No. For your example chunk, the input would be 4 + 11 = 15 bytes. The bytes are cycled through the to-be output (register) as they are processed (hence, Cyclic RC). The minimum chunk size is 12 bytes—a 4-byte length containing 0, followed by a 4-byte type, followed by the 4-byte CRC of the type. – Calyptrogen 16/6, 2020 at 22:14

oh ok now Im starting to understand it, and the cyclic part.. so is that what "x" represents in the polynomial examples? x means whatever loop cycle I am on? so for the 12 byte example, the first time x would be 0, then second time, 1, third time, 2, fourth time, 3? If not , how does the polynomial thing work exactly? in other words what is the function body, in essence, what does it do? – Hamburger 16/6, 2020 at 22:18

No. Consider w3.org/TR/2003/REC-PNG-20031110/#D-CRCAppendix. The polynomial in x does not appear explicitly; it appears implicitly as the hexadecimal value edb88320, which, when converted to binary, is the sequence of 32 bits that represent the coefficients of the terms of the polynomial. – Calyptrogen 16/6, 2020 at 22:53

wait so every x term refers to the entire number edb88320? so x^32 is the same as Math.pow(0xedb88320, 32)? If not what is x exacly, and what does ^32 mean (and the other powers-of)? – Hamburger 21/6, 2020 at 18:51

No; every x term refers to a 1 in the binary representation of 0xedb88320, which is 11101101 10111000 10000011 00100000. The number on the left (least-significant) end, 1, is the (coefficient of the) constant (x^0) term. The next number from the left, 1, is the coefficient of the x term. The next number, 1, is the coefficient of the x^2 term. The next number, 0, is the coefficient of the x^3 term (which is absent because 0*x^3 = 0). And so on. There is an implied 1 to the right of the right (most-significant) end that is the coefficient of the x^32 term. – Calyptrogen 28/6, 2020 at 5:42

so what does ^ mean, is it the equivilent of Math.pow(1, 32)? – Hamburger 29/6, 2020 at 0:12

yo just lookin back on it now, so is it always the set number 0xedb88320, or is it different sometimes? if different sometimes then how does one find out what it is? – Hamburger 5/7, 2022 at 3:23

It’s always that number for that implementation. – Calyptrogen 5/7, 2022 at 15:53

But how exactly does one find out what number it is for, say, this implementation? – Hamburger 5/7, 2022 at 23:28

By reading the implementation: w3.org/TR/2003/REC-PNG-20031110/#D-CRCAppendix – Calyptrogen 9/7, 2022 at 19:31

thanks but that is way too complicated for my tiny mind to understand, is there a tutorial anywhere? – Hamburger 10/7, 2022 at 2:17

I would recommend reading Ross Williams' classic "A Painless Guide to CRC Error Detection Algorithms". Therein you will find in-depth explanations and examples.

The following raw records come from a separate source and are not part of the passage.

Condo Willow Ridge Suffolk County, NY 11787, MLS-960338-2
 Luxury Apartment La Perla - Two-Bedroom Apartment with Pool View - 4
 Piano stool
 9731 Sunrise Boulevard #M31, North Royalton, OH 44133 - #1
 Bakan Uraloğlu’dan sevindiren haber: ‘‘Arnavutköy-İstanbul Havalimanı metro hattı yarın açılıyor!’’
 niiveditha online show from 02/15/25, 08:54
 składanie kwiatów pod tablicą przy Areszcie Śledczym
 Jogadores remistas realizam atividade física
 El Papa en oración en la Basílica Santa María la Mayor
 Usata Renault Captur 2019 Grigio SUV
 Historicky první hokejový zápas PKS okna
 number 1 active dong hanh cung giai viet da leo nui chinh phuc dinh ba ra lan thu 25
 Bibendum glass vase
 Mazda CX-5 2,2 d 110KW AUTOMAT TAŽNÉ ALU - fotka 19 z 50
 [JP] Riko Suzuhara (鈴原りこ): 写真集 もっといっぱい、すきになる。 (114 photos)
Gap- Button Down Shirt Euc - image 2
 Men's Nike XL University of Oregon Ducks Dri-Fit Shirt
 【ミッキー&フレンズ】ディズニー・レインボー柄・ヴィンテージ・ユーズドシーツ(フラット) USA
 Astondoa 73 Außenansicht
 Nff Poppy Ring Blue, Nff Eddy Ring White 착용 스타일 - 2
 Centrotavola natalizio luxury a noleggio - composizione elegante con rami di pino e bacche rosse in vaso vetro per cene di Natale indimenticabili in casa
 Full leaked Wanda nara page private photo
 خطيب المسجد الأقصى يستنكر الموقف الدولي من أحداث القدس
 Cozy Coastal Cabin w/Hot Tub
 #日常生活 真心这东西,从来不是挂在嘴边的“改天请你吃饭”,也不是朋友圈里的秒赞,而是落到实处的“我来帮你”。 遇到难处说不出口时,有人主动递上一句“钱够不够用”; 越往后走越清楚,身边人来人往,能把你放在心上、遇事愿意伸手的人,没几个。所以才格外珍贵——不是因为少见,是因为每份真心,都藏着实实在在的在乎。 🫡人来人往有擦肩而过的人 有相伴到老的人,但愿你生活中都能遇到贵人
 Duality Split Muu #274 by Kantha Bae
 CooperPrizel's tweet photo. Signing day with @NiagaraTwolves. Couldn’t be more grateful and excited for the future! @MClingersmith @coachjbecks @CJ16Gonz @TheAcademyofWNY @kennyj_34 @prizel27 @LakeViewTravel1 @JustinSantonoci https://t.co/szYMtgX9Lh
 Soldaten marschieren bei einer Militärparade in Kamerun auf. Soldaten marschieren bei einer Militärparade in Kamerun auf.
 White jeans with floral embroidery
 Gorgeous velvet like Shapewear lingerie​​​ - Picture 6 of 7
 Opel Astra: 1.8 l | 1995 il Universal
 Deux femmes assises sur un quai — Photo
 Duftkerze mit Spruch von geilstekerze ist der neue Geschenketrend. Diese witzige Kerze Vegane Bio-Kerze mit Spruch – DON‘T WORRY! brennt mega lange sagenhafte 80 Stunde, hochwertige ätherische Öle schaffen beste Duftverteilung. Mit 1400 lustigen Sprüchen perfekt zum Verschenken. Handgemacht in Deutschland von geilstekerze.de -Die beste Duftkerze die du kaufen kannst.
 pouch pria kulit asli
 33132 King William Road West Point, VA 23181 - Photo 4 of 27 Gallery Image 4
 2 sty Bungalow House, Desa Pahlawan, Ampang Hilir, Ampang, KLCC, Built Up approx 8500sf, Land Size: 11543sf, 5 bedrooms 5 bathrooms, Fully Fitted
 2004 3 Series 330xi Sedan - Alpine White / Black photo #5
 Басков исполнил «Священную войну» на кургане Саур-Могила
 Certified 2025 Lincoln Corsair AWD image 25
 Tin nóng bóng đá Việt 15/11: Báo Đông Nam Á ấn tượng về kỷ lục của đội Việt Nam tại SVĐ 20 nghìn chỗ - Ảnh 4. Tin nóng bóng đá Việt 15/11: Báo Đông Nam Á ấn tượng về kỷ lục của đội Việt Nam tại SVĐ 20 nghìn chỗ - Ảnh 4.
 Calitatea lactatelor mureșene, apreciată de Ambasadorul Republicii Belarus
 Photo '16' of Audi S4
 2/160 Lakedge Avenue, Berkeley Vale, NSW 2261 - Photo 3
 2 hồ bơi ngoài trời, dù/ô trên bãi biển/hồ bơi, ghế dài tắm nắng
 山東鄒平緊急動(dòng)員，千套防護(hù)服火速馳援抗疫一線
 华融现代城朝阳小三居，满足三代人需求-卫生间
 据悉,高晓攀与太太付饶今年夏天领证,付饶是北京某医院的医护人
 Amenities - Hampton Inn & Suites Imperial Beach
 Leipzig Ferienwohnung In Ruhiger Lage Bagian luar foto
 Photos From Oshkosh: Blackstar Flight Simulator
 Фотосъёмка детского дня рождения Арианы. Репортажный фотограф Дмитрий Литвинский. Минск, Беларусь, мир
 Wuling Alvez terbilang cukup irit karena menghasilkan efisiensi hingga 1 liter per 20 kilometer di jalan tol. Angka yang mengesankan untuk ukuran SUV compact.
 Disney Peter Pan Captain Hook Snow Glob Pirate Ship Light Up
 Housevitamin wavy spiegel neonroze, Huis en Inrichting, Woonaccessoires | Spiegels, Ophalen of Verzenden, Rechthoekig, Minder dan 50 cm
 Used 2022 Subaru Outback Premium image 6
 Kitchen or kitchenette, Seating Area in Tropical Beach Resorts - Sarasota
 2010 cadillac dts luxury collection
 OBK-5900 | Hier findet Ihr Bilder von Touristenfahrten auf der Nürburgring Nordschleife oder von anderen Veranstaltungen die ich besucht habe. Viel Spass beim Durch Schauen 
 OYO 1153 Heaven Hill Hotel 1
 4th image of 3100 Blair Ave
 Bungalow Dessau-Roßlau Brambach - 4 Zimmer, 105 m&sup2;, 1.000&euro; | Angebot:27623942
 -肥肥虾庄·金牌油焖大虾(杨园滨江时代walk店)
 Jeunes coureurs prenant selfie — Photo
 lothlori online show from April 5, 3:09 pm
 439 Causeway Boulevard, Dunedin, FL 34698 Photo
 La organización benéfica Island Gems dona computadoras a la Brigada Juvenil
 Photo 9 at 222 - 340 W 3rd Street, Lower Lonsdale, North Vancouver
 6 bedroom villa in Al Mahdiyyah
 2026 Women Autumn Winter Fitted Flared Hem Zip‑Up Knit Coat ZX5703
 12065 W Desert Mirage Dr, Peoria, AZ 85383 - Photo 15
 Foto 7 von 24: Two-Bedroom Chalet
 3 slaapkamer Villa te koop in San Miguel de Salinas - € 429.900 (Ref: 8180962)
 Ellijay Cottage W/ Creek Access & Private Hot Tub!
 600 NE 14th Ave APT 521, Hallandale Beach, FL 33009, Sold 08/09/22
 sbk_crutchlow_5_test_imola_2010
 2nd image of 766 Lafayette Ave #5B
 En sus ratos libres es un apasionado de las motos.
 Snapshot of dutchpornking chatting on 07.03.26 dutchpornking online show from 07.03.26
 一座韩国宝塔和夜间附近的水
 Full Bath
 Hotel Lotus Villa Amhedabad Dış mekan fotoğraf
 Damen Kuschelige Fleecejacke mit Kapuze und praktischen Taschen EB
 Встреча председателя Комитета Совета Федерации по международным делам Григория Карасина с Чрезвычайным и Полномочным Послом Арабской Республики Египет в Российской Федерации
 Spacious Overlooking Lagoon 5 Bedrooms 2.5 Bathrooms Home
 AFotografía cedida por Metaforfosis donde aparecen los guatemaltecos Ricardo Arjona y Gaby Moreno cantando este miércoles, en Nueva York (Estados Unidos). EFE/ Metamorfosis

The polynomial is simply a different way to interpret a string of bits. When you have n bits in a register, they are most commonly interpreted either as just that, a list of n independent bits, or they are interpreted as an integer, where you multiply each bit by two raised to the powers 0 to n-1 and add them up. The polynomial representation is where you instead interpret each bit as the coefficient of a polynomial. Since a bit can only be a 0 or a 1, the resulting polynomials never actually show the 0 or 1. Instead the xⁿ term is either there or not. So the four bits 1011 can be interpreted to be 1 x³ + 0 x² + 1 x¹ + 1 x⁰ = x³ + x + 1. Note that I made the choice that the most significant bit was the coefficient of the x³ term. That is an arbitrary choice, where I could have chosen the other direction.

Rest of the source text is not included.